Monday, July 26, 2010
In one month, ask me if I still want a new Moleskine planner...mine suffered a significant amount of water damage tonight, and well, I felt like crying. I have been somewhat dramatic and asked Julie if I could possibly bend some rules (using a dusty Border's gift card? asking for a "gift" from someone?) to obtain a new one. Like tomorrow. I am attached to this thing at the hip. (Planner = life...?) Her advice: wait a month and see how you feel. She reminded me that she has made it this far without a watch...
So, maybe I don't need it as much as I think I do...and we're back to this again.
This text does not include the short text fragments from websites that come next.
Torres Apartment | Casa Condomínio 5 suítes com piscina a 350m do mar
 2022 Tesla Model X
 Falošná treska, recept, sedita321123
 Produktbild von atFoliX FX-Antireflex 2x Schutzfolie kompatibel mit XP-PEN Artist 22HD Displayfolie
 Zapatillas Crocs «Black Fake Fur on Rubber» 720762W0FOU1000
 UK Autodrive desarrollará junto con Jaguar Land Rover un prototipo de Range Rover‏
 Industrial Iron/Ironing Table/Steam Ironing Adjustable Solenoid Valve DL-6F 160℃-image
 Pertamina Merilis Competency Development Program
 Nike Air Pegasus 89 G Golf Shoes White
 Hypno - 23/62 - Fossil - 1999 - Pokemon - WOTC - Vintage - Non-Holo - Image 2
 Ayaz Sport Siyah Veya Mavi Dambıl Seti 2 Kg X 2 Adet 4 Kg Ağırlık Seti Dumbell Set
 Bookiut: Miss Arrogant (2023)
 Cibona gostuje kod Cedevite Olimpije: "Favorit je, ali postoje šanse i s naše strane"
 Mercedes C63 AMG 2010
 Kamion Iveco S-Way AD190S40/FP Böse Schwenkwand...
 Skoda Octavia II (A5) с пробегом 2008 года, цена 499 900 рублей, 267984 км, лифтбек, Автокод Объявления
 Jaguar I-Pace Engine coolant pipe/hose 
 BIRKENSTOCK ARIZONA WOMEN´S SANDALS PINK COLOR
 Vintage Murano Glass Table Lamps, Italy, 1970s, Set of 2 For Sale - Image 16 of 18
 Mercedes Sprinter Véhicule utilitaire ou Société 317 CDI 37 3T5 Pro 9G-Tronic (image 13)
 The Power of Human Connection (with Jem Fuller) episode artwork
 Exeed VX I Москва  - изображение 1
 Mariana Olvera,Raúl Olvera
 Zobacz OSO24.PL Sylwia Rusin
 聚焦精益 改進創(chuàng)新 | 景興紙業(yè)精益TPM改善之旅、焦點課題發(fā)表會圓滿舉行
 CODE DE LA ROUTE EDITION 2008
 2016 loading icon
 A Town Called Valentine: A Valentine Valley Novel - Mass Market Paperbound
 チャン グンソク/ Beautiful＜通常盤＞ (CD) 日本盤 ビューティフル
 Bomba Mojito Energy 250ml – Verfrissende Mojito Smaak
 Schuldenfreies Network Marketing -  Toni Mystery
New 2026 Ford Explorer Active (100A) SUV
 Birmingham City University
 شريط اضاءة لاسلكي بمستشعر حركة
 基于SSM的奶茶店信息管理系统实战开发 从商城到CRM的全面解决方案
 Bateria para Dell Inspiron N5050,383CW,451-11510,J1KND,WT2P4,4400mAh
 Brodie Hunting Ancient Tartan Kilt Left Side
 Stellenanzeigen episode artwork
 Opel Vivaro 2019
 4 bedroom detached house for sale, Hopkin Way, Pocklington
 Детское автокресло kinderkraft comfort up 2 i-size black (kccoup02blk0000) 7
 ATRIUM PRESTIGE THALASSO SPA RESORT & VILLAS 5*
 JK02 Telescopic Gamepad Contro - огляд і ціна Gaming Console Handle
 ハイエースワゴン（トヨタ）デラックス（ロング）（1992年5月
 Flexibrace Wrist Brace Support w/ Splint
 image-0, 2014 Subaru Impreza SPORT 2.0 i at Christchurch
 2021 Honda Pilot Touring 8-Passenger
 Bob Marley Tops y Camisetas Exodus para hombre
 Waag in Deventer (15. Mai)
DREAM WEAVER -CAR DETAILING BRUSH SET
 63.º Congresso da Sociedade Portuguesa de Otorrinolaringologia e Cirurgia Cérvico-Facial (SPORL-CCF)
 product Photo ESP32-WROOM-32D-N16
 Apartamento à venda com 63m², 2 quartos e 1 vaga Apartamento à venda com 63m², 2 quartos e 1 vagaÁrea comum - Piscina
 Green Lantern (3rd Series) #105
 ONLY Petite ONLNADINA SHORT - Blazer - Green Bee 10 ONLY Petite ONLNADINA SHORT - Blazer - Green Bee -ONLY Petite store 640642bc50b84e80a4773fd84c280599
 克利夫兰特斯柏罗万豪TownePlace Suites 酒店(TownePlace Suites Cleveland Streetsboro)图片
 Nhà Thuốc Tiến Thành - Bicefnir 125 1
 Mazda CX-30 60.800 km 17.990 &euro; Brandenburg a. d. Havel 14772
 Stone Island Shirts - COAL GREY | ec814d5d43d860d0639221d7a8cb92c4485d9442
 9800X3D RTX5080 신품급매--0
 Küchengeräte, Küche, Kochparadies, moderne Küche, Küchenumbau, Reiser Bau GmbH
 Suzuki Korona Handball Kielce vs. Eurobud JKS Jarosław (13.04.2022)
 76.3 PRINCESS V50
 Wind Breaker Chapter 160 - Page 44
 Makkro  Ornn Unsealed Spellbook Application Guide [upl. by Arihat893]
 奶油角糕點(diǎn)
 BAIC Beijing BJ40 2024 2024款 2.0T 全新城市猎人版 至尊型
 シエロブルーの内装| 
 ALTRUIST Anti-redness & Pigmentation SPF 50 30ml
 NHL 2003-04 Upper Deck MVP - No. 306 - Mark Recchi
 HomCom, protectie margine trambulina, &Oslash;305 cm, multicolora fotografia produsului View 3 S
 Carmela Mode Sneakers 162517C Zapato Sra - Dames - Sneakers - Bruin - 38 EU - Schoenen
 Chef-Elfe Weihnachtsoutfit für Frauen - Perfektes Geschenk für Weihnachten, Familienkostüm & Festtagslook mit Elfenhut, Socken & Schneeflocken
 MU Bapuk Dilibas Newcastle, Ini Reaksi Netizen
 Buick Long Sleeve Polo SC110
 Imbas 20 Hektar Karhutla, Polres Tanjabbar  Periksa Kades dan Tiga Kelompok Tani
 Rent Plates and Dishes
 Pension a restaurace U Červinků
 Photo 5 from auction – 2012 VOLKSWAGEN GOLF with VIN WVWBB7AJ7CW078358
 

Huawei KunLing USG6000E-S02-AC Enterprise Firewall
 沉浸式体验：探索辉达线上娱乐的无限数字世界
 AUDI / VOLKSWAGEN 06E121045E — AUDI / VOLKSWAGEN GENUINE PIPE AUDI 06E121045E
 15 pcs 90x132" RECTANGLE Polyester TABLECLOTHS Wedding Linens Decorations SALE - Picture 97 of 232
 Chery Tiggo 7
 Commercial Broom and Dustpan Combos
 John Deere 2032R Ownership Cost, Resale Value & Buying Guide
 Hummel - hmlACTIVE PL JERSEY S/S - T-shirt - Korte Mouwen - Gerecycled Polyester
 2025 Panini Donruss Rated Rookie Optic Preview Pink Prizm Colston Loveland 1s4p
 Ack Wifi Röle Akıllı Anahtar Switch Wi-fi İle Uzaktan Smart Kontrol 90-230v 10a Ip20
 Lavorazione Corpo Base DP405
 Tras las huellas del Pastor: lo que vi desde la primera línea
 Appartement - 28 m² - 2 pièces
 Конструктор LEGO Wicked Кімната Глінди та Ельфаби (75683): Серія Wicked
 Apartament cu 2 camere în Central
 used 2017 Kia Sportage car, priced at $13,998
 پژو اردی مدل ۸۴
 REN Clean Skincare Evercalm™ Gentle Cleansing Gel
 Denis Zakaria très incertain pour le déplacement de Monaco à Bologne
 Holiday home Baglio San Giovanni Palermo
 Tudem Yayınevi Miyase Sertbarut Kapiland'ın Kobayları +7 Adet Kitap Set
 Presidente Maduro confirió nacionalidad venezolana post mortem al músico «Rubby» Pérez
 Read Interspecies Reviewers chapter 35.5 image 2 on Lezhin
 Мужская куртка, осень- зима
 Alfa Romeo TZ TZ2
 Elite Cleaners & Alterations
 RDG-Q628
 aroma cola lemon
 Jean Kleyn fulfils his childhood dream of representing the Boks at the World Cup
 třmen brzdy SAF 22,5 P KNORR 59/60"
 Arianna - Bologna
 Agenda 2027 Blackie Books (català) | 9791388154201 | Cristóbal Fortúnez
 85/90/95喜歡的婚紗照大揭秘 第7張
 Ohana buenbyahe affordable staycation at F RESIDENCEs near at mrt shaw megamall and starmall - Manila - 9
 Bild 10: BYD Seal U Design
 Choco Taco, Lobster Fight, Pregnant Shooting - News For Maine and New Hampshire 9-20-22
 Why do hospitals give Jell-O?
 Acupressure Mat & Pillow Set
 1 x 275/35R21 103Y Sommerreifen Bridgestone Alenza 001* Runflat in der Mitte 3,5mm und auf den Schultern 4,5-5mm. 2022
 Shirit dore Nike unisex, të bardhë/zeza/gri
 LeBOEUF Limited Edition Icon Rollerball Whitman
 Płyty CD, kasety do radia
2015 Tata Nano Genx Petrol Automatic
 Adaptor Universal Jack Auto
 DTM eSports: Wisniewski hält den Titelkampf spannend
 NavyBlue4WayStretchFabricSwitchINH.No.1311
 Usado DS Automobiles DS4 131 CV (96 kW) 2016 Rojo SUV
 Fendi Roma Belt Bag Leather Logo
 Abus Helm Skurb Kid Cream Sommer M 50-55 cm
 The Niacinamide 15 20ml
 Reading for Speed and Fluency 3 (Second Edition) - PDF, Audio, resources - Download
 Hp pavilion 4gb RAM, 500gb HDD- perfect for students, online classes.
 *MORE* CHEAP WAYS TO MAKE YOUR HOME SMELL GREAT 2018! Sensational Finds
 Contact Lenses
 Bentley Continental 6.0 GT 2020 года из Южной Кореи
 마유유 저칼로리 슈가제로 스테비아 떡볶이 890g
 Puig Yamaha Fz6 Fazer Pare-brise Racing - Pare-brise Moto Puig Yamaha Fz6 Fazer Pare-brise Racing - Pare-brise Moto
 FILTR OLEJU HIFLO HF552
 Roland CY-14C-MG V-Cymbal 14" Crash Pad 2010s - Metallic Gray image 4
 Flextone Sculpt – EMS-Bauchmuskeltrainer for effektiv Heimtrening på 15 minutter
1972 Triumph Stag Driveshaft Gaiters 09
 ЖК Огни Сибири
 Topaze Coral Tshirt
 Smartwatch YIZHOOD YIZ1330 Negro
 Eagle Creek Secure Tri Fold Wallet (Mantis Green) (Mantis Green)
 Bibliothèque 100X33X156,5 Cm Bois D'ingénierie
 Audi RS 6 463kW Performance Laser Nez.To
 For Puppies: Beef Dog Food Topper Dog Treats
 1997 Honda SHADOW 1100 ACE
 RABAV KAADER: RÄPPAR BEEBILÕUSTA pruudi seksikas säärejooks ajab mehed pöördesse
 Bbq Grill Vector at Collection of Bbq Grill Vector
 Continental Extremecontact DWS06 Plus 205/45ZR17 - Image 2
He makes everything glorious. +
Friday, July 16, 2010
Sunday, July 4, 2010
Now and then, I’ll think of something I would buy if I was living a normal life, things that “I could really use.” I thought maybe I’d start writing a list of all these things so that next year I would remember to buy them. A friend advised me against this and the more I’ve thought about it the more I realize the absurdity of such a plan. Honestly, Missy? If I need a list to remind me to buy something in six months, then it can’t be that critical of a belonging. It’s becoming a discipline, to stop myself from thinking, “I’ll buy that next year, when I’m allowed.” That is not what this is about! I haven’t made these rules and entered into this experiment to cage my shopping habits for a year, only to let them loose with wild abandon when the time of oppression comes to an end. No! This is deeper than that. I am seeking a change of heart and attitude, a platform for a greater perspective of poverty and hopefully, therefore, solidarity with those who are less fortunate. If I cannot recognize the value in all I have, the gifts God has already bestowed upon me and their full potential, and acknowledge that no material possession will ever make me more complete, then this year of commitment to a spirit of poverty is in vain. If I do not let this transform me totally, I will have done it for nothing.